Complete step-by-step solution:
It is given that the expression of $ - 3{x^2} + 2x + 2$
We know that an equation of the form $a{x^2} + bx + c = 0$, $a,b,c,x \in R$, is called a Real Quadratic Equation.
The numbers $a$, $b$ and $c$ are called the coefficients of the equation.
The quantity $D = {b^2} - 4ac$ is known as the discriminant of the equation $a{x^2} + bx + c = 0$ and its roots are given by
$x = \dfrac{{ - b \pm \sqrt D }}{{2a}}$ or $x = \dfrac{{ - b \pm \sqrt {{b^2} - 4ac} }}{{2a}}$
So, first we will take $ - 3$ common from the given equation.
$ - 3{x^2} + 2x + 2 = - 3\left( {{x^2} - \dfrac{2}{3}x - \dfrac{2}{3}} \right)$
Next, compare ${x^2} - \dfrac{2}{3}x - \dfrac{2}{3}$ quadratic equation to standard quadratic equation and find the value of numbers $a$, $b$ and $c$.
Comparing ${x^2} - \dfrac{2}{3}x - \dfrac{2}{3}$ with $a{x^2} + bx + c = 0$, we get
$a = 1$, $b = - \dfrac{2}{3}$ and $c = - \dfrac{2}{3}$
Now, substitute the values of $a$, $b$ and $c$ in $D = {b^2} - 4ac$ and find the discriminant of the given equation.
$D = {\left( { - \dfrac{2}{3}} \right)^2} - 4\left( 1 \right)\left( { - \dfrac{2}{3}} \right)$
After simplifying the result, we get
$D = \dfrac{{28}}{9}$
Which means the given equation has real roots.
Now putting the values of $a$, $b$ and $D$ in $x = \dfrac{{ - b \pm \sqrt D }}{{2a}}$, we get
$x = \dfrac{{\dfrac{2}{3} \pm \dfrac{{2\sqrt 7 }}{3}}}{{2 \times 1}}$
Divide numerator and denominator by $2$, we get
$x = \dfrac{1}{3} \pm \dfrac{{\sqrt 7 }}{3}$
So, $x = \dfrac{1}{3} + \dfrac{{\sqrt 7 }}{3}$ and $x = \dfrac{1}{3} - \dfrac{{\sqrt 7 }}{3}$are roots of equation ${x^2} - \dfrac{2}{3}x - \dfrac{2}{3}$.

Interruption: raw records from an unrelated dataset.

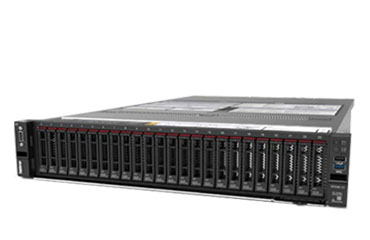 联想ThinkServer SR590 V2 企业ERP机架式服务器（英特尔至强银牌 4314，2.4GHz，16核丨64GB TruDDR4 内存丨4块*2.4TB 10K SAS 硬盘丨冗余电源丨三年保修）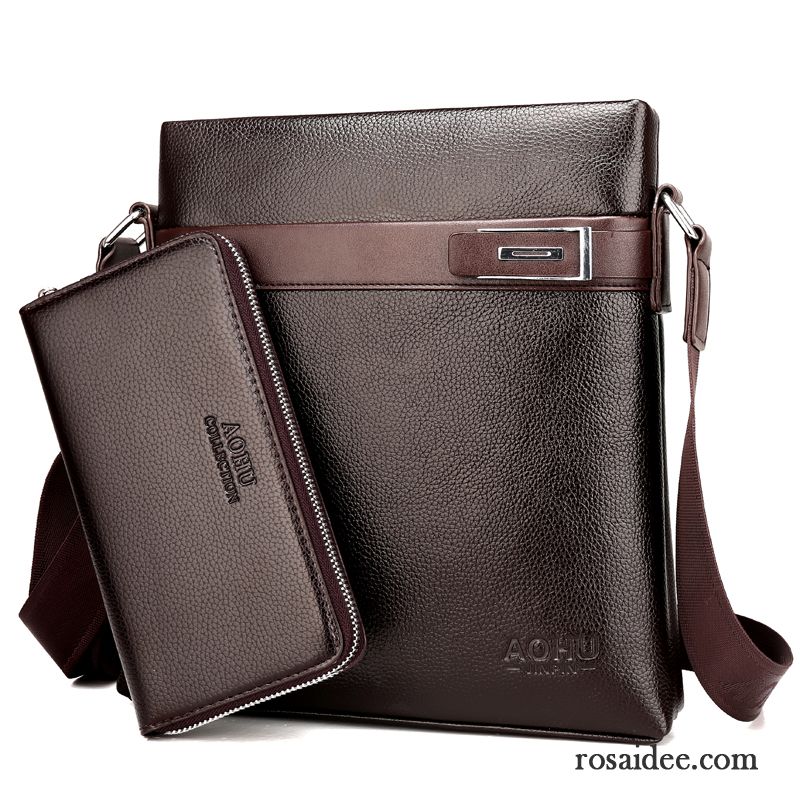 Herren Umhängetasche Leder Braun Messenger-tasche Taschen Geschäft Herren Rucksäck Freizeit Schultertaschen Leder Vertikaler Schnitt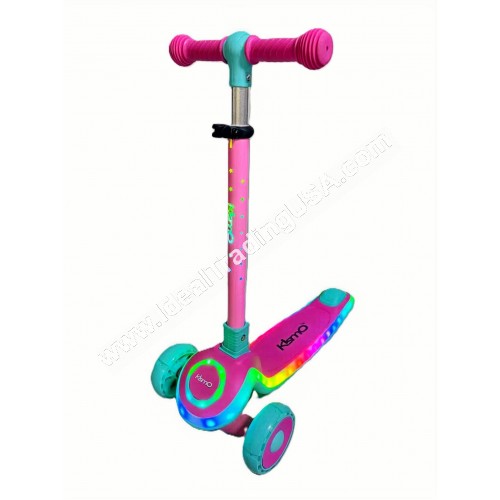 3 Wheel Scooter w/lights(6pcs/Box)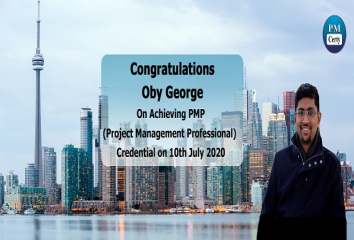 Congratulations Oby on Achieving PMP..!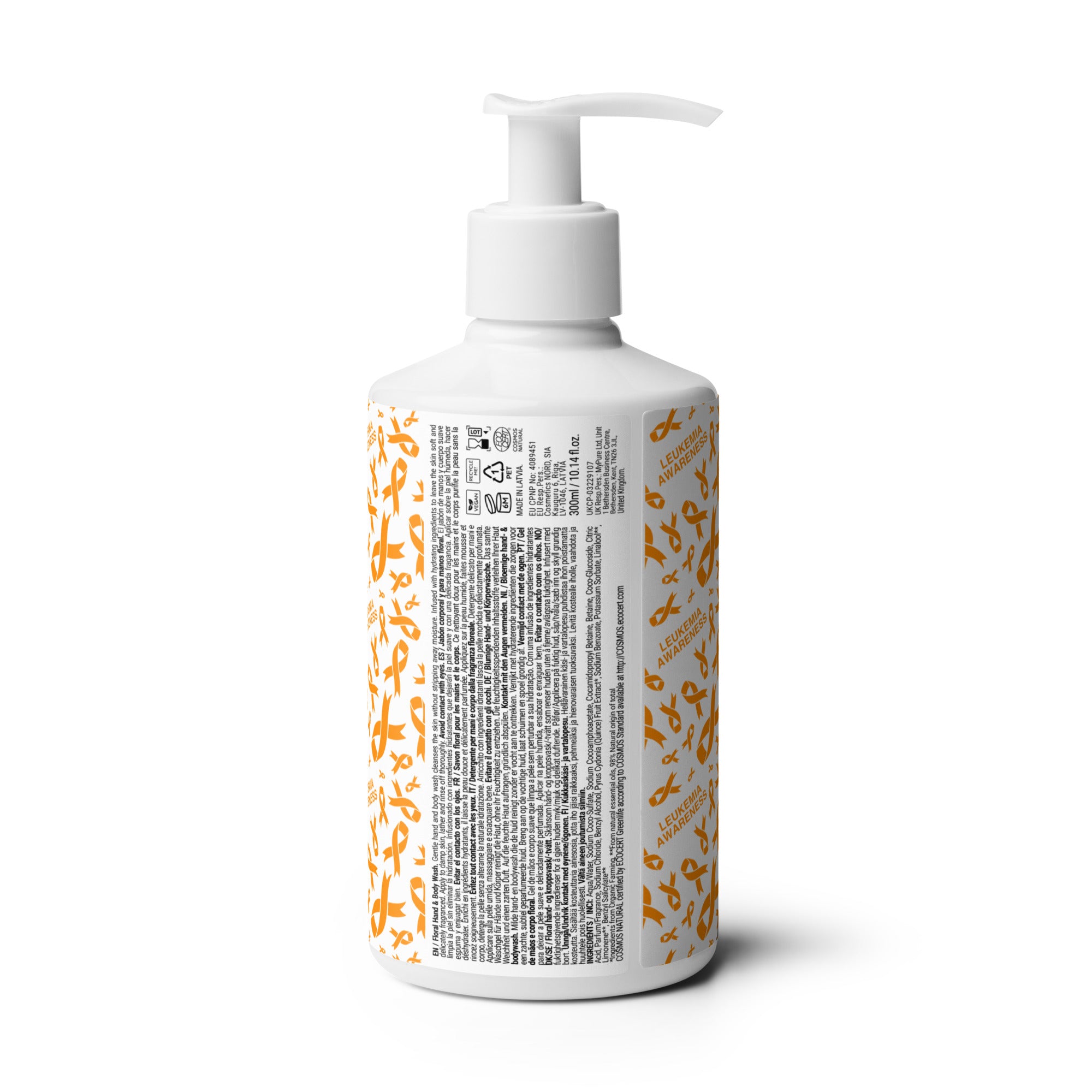 Leukemia Awareness Floral hand & body wash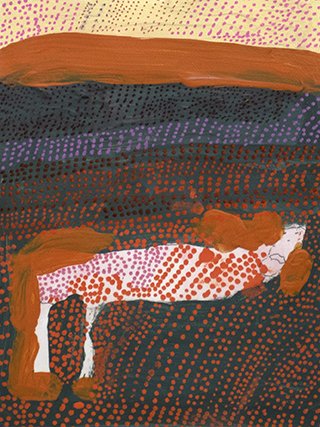 Untitled (Orange Dots) by Thomas Sedgwick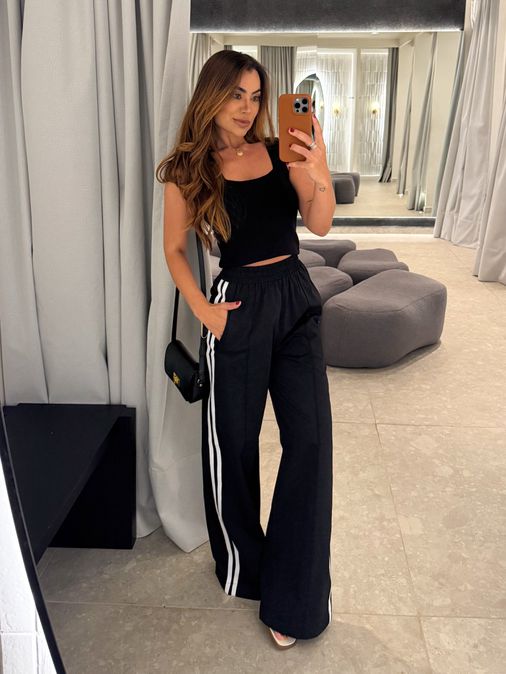 Calça Listra Soraia Preta - Loja La Mina 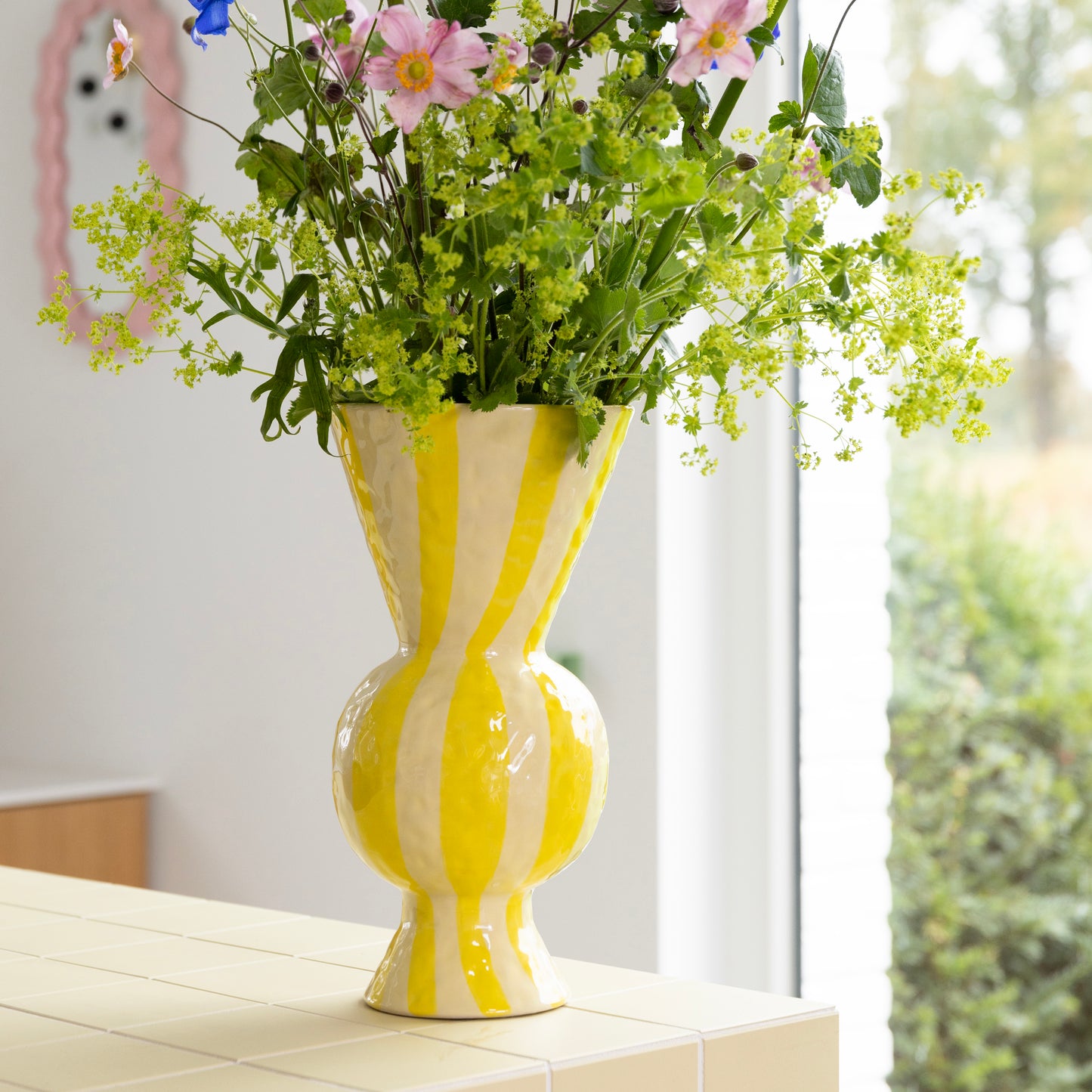 &Klevering - Vase Rhombic Yellow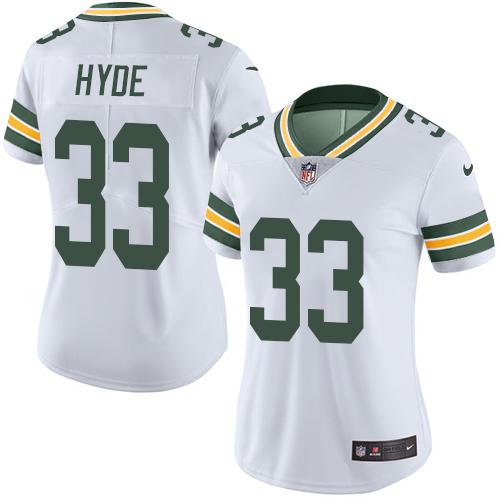 Nike Packers #33 Micah Hyde White Women's Stitched NFL Limited Rush Jersey Nike Packers #33 Micah Hyde White Women's Stitched NFL Limited Rush Jersey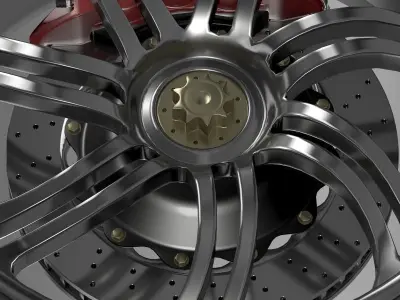 Pagani Huayra wheel 3D model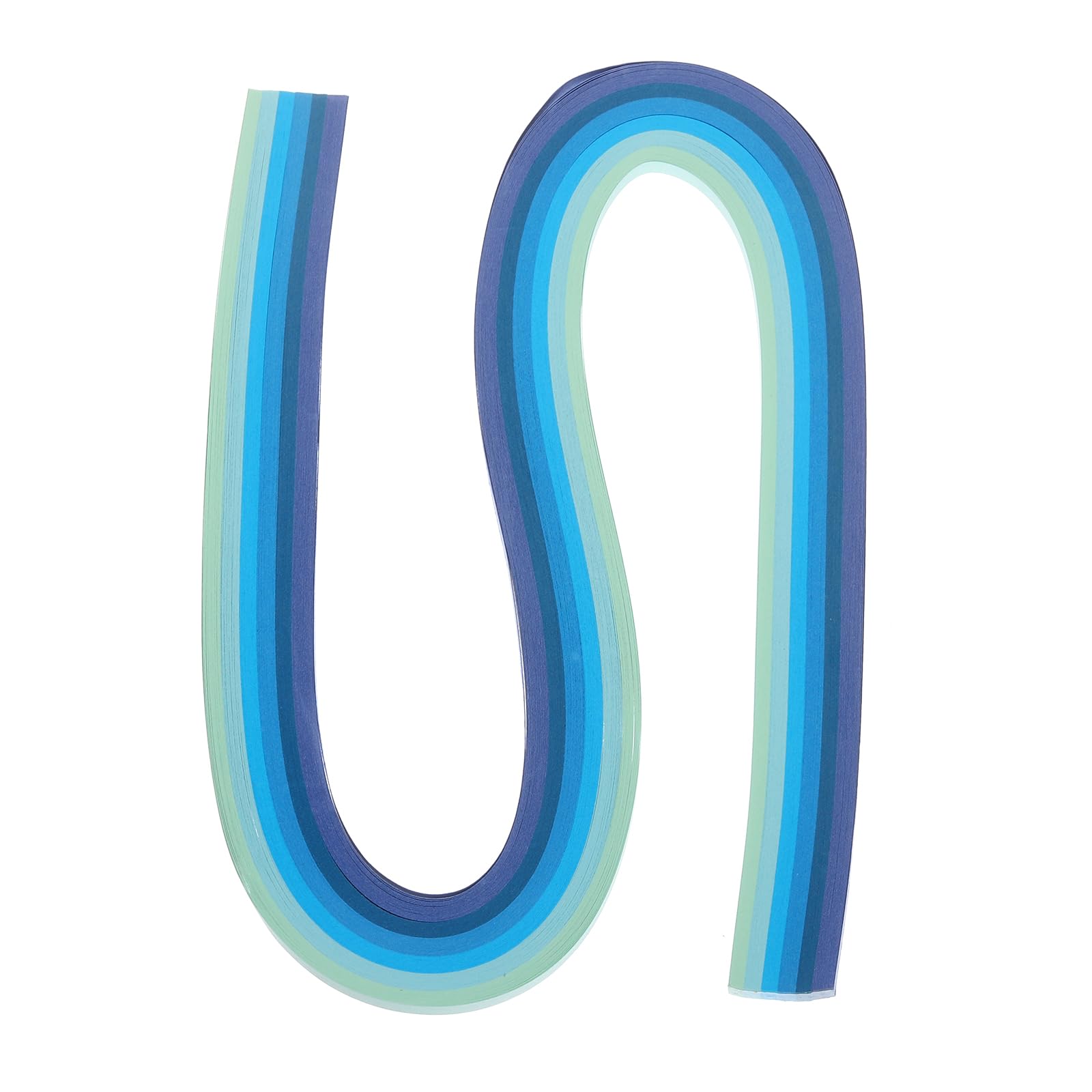 PATIKIL 120pcs Quilling Strips Paper 3/16"(5mm) 21" Origami Paper Quilling Strip for Art DIY Hand Craft Christmas, Blue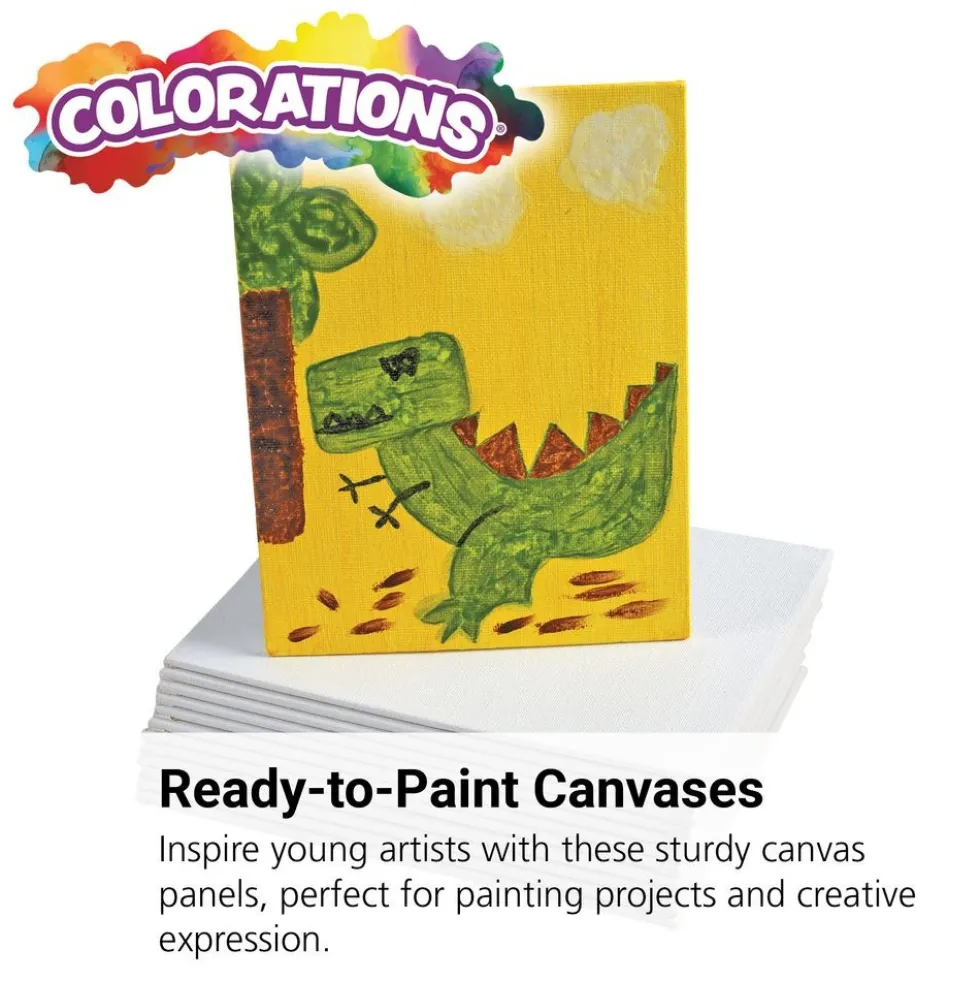 Colorations® 6" x 8" Canvas Panels - Set of 12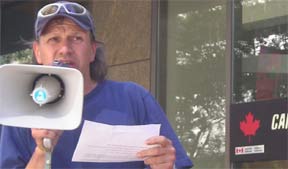 Dave Diewert Bringing a Message of Solidarity with Afghan People, July 28, 2005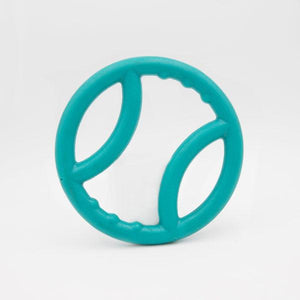 ZippyPaws ZippyTuff Squeaky Ring Dog Toy, Teal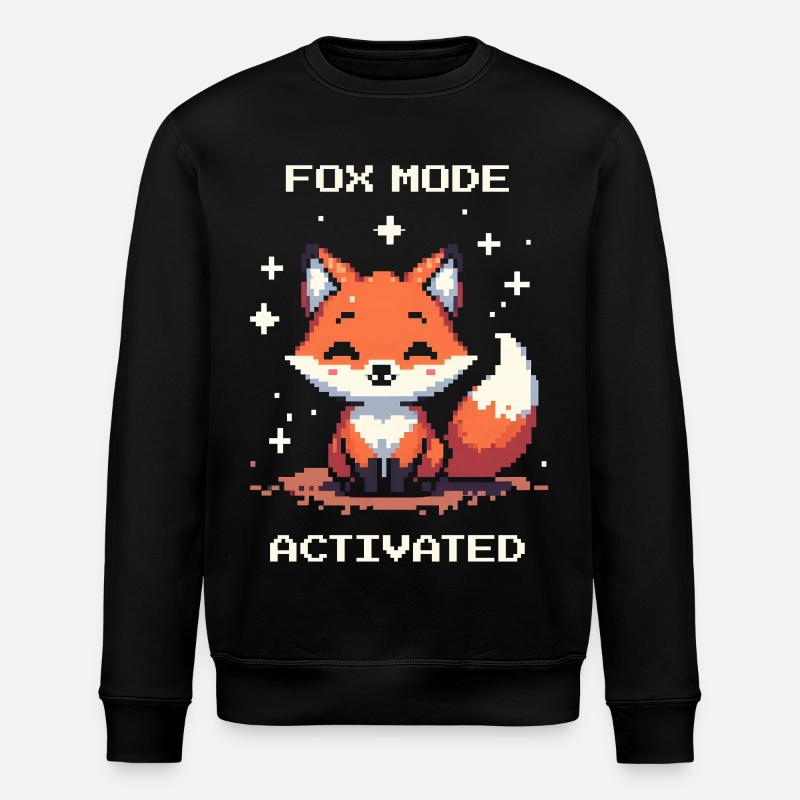 Fox Mode Enabled | Shifter - Stanley/Stella ROLLER Unisex Organic Sweatshirt - black
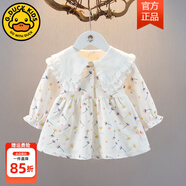 G.duck2025新款春秋季嬰兒碎花連衣裙洋氣秋裝1-4歲女寶寶純棉公主裙子 粉紅色 80 身高73-80cm  建議18-22斤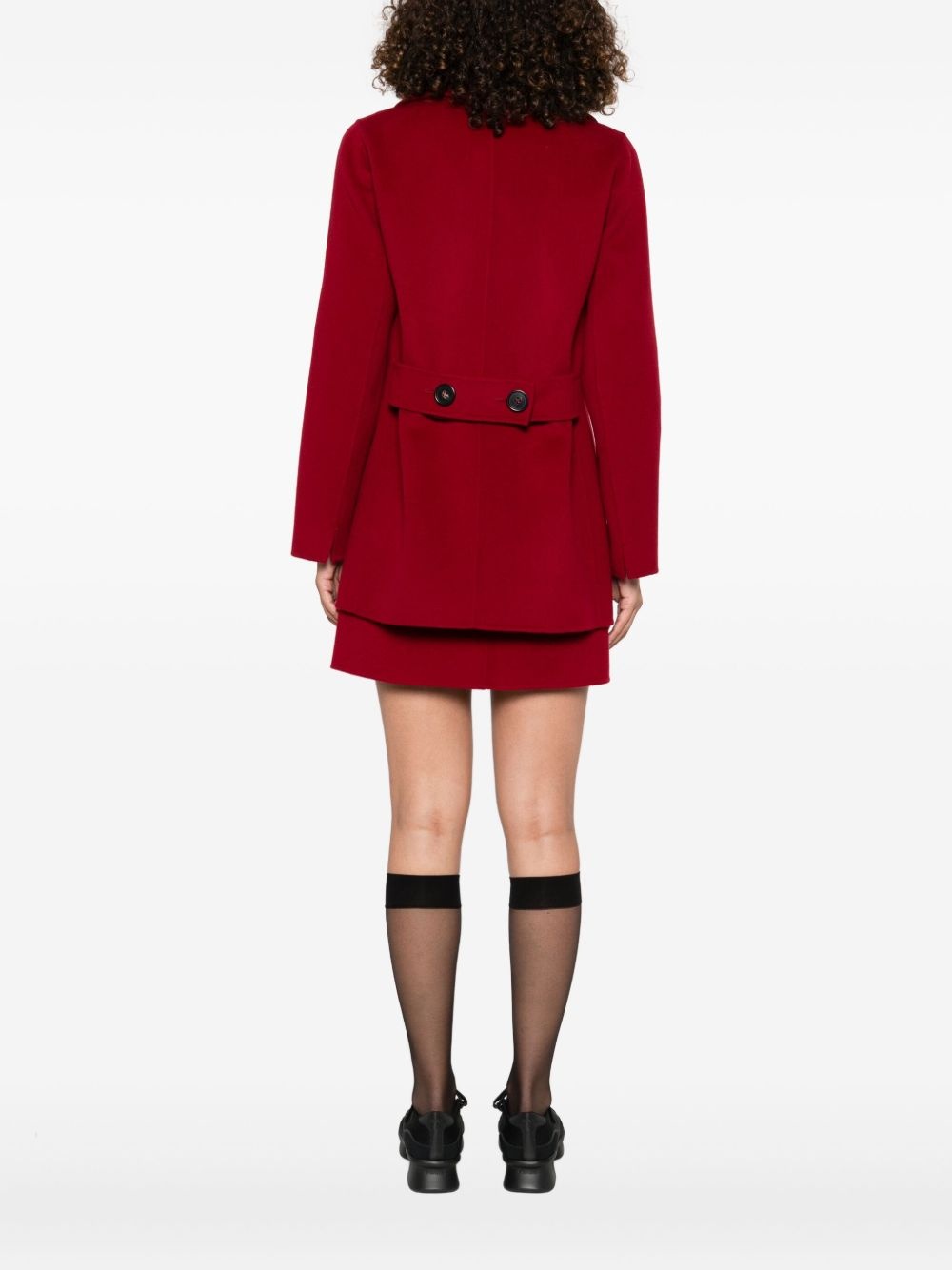 double-breasted wool coat - 4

Therefore, the trinomial $ - 3{x^2} + 2x + 2$ can be factored as $ - 3\left( {x - \dfrac{1}{3} - \dfrac{{\sqrt 7 }}{3}} \right)\left( {x - \dfrac{1}{3} + \dfrac{{\sqrt 7 }}{3}} \right)$.

Note: In above question, it should be noted that we get $x = \dfrac{1}{3} + \dfrac{{\sqrt 7 }}{3}$and $x = \dfrac{1}{3} - \dfrac{{\sqrt 7 }}{3}$ as the roots of equation${x^2} - \dfrac{2}{3}x - \dfrac{2}{3}$.
No other roots will satisfy the condition.
If we take wrong factors, then we will not get a trinomial on their product. So, carefully find the roots.